YOUR ASSIGNMENT
Please return the lines from the one with "33 E Cedar St #6F, Chicago, IL 60611 photo 6" through the end of the listing below, word for word, with every picture left out.

============

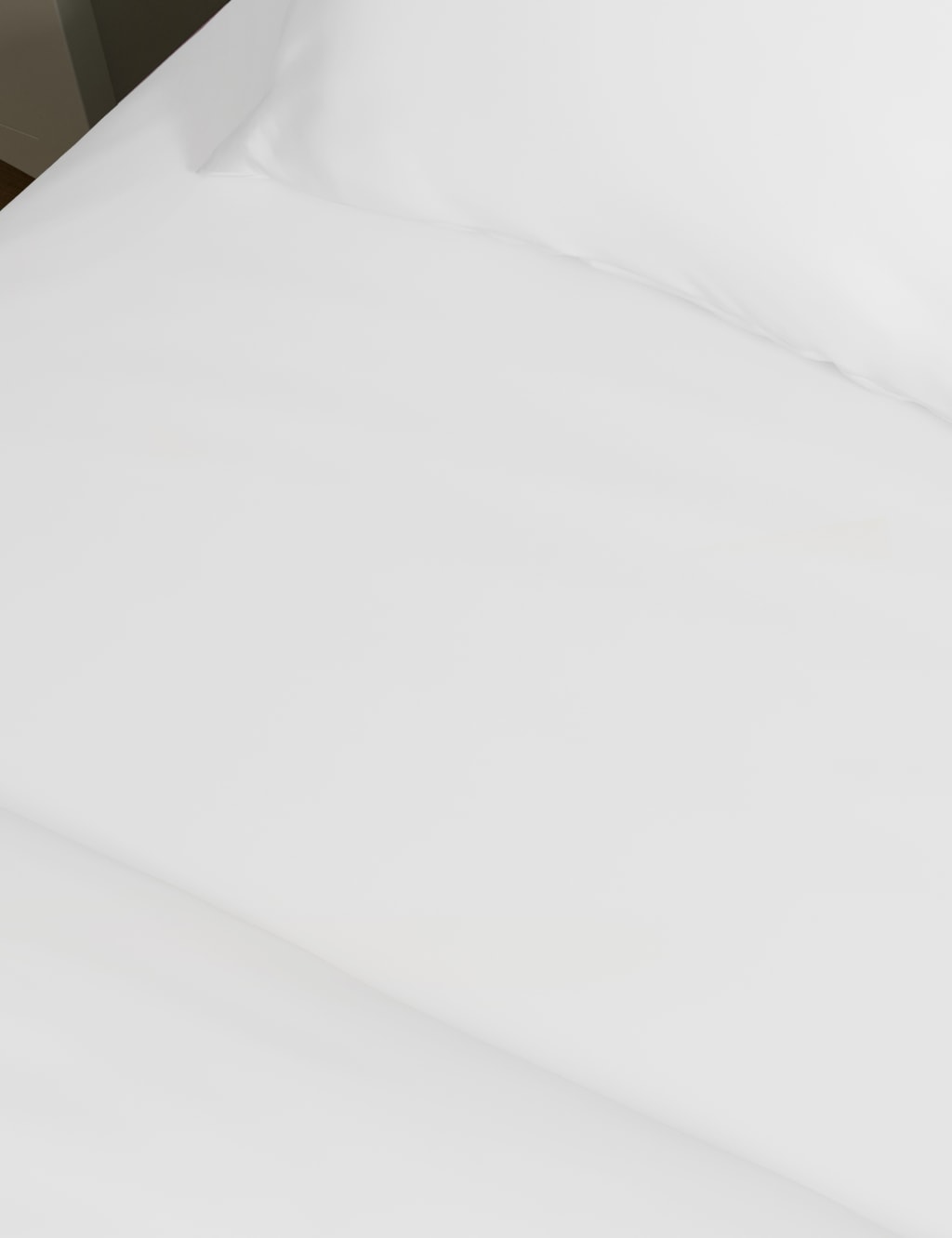 Pure Cotton 300 Thread Count Fitted Sheet image 2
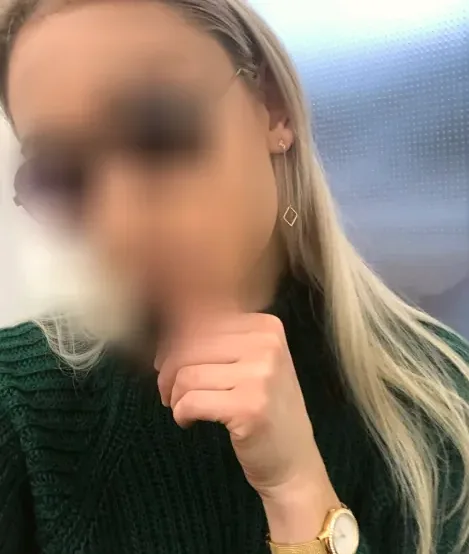 Julia, 24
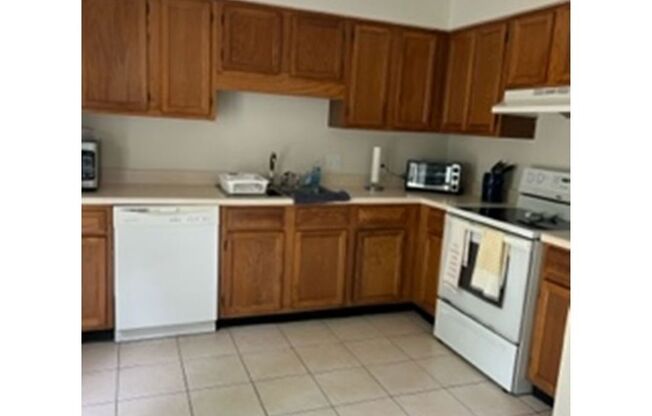 2 beds, 2.5 baths, $1,525, Unit # E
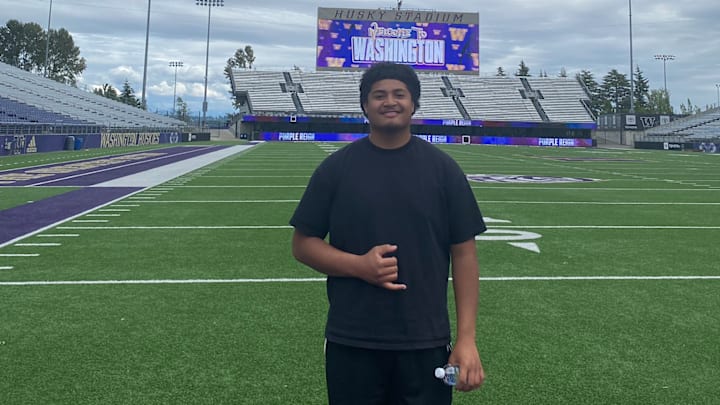 Esun Tafa has committed to the UW football team. 
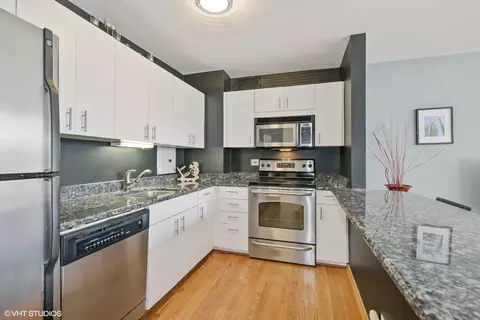 33 E Cedar St #6F, Chicago, IL 60611 photo 6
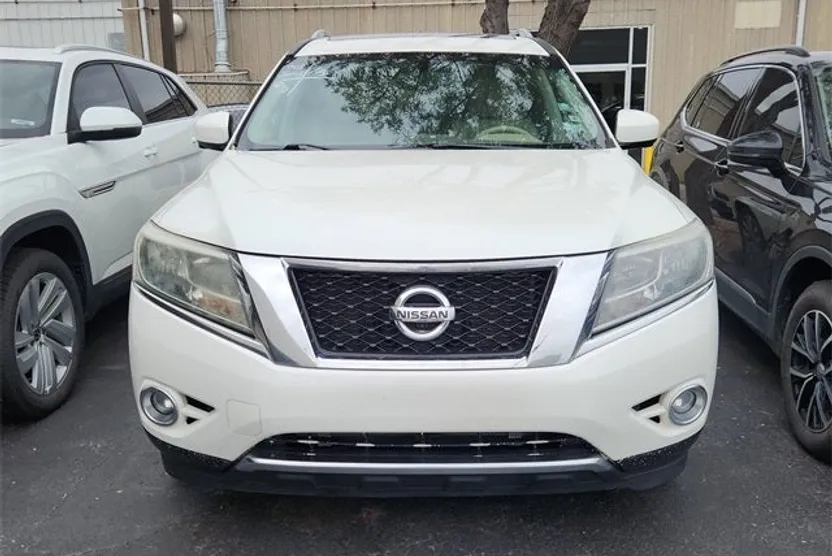 2015 Nissan Pathfinder SL photo 1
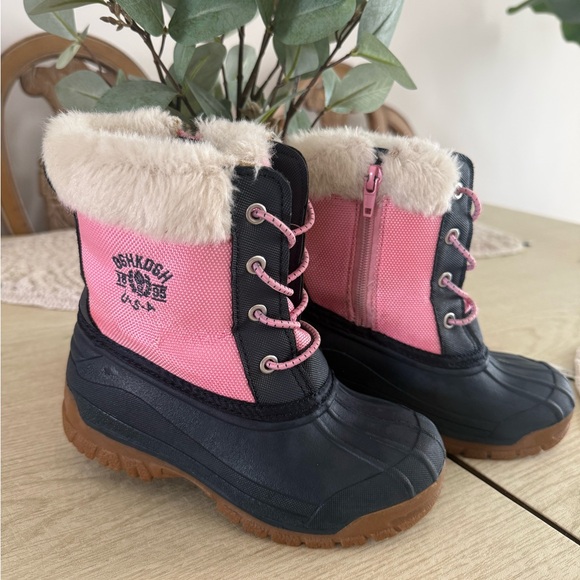 OshKosh B'gosh Other - OshKosh B'gosh Pink and Black Kids Rain & Snow Boots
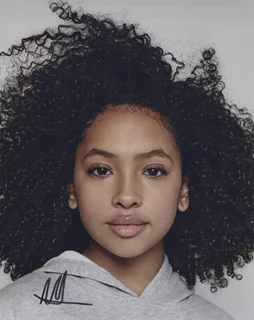 Mirabelle Lee autograph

============

RESULT OF THIS EXERCISE
 33 E Cedar St #6F, Chicago, IL 60611 photo 6
 2015 Nissan Pathfinder SL photo 1
 OshKosh B'gosh Other - OshKosh B'gosh Pink and Black Kids Rain & Snow Boots
 Mirabelle Lee autograph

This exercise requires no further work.